The Hunger Games franchise is well regarded for having both a strong female lead character, and a gripping portrayal of a futuristic authoritarian society.  The movie starts with Katniss out hunting rabbits to feed her family, as she had in the previous movie.  This opening scene sets up her personality and motivations for the rest of the film.  She is not so much interested in fame or popularity, but rather protecting or looking after her loved ones.  This would be shown again many times throughout the movie, however mostly involving Peeta and not her family.  One thing that about Katniss that is unusual for a female main character was her willingness to sacrifice herself to protect Peeta.  Usually in action movies, females have a sort of supporting role in which they are rescued by the male hero or act as a love interest and motivation for the hero.  Katniss explicitly says that she would rather die than have Peeta die, which is a kind of statement usually heard from strong male characters.  Couple that with her physical prowess with bows and she ends look being more of a hero and less of a female hero.  However, she is not without flaws as she exhibits some cliche characteristics usually associated with female characters.  For one, she is emotionally weak when it comes to survival.  Towards the end of the film when she is tasked with taking the copper wire to the beach, she gets upset when Peeta is told to stay at the tree.  Clearly she is trying to protect both of them, but her emotions got in the way and could have caused the plan to completely backfire if she would have gotten her way after all.  Also, when she is making her unplanned speeches to the crowds, her emotions end up almost inciting a riot.  Instead of just reading the preplanned speech that she was told would prevent her family from being hurt, she ad libs a speech about her dead friend from the last movie, and freaks out when the predictable outcome occurs.

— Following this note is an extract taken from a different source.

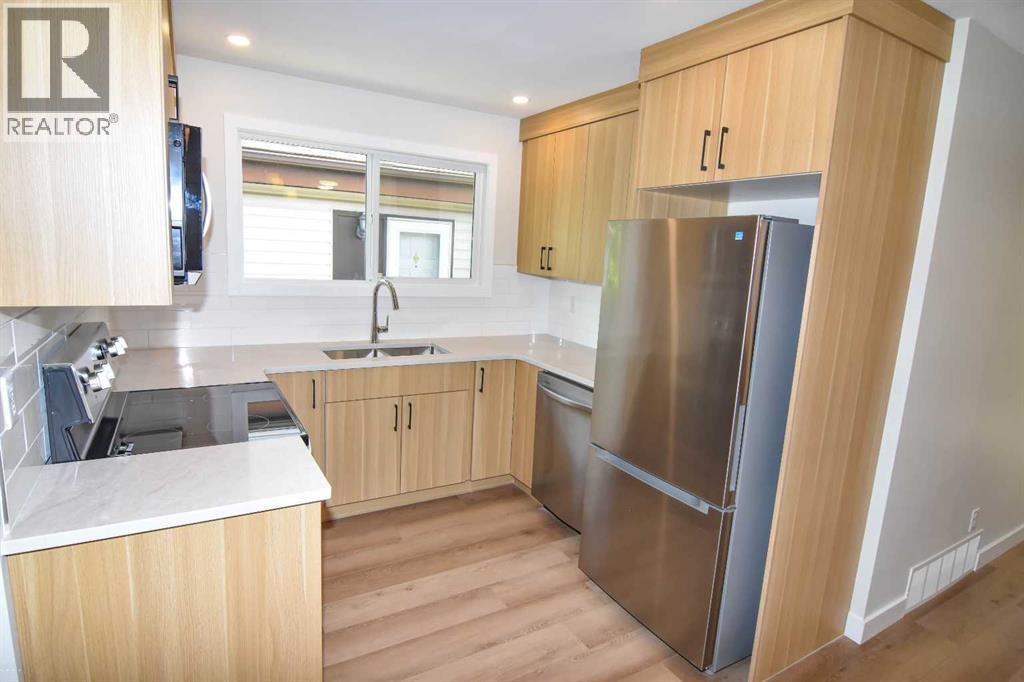 3206 51 Street Sw, Calgary, Alberta  T3E 6R4 - Photo 13 - A2318888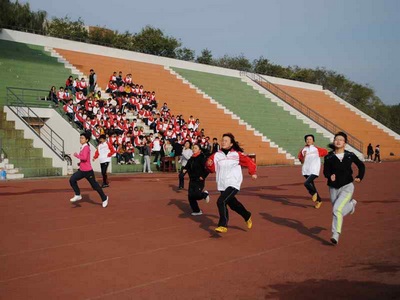 11.5 运动员活力四射 尽彰显青春风采——生命科学学院成功举办秋季运动会01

     The movie's fictional world plays an important role, not only in establishing the overall plot, but also in representing aspects of the real world.  As noted in one of the reviews, the inspiration for writing the trilogy came from the author seeing both reality shows and Iraq war coverage on TV at the same time.  One was fake reality, and the other was actually happening.  This translated into her writing in the form of the 'games' and the twelve districts.  The games were a way to, in a sense, hide the living conditions of the people, or at least make them scared and intimidated enough to not do anything about it.  The games, for some people at the top of the social latter, are essentially their real reality, since they have no interaction with the impoverished people of the districts.  Another thing pointed out in the review was the opinion that the movie was made to make us people feel better about living in bad conditions.  This is wrong for two reasons.  For one, it's just a movie.  Seeing a fictional story about a revolution and martyrdom probably make someone forget about their own terrible life in the long run.  For the duration of the film, sure, but if right after they go home to a bad neighborhood or to an abusive home, trying to replay the scene where people get executed for starting a riot probably won't help much.  The second reason is that it's just obvious that the movie wasn't designed for this reason.  First and foremost, it is entertainment.  The more subtle meanings and themes seem to be more of a commentary on the brainwashing effect of reality television and voyeurism.  The move was more of a social criticism than a safe place for the imagination.  Even though this reviewer's point was far fetched, the movie was still fun and loaded with messages about the value of today's entertainment and culture.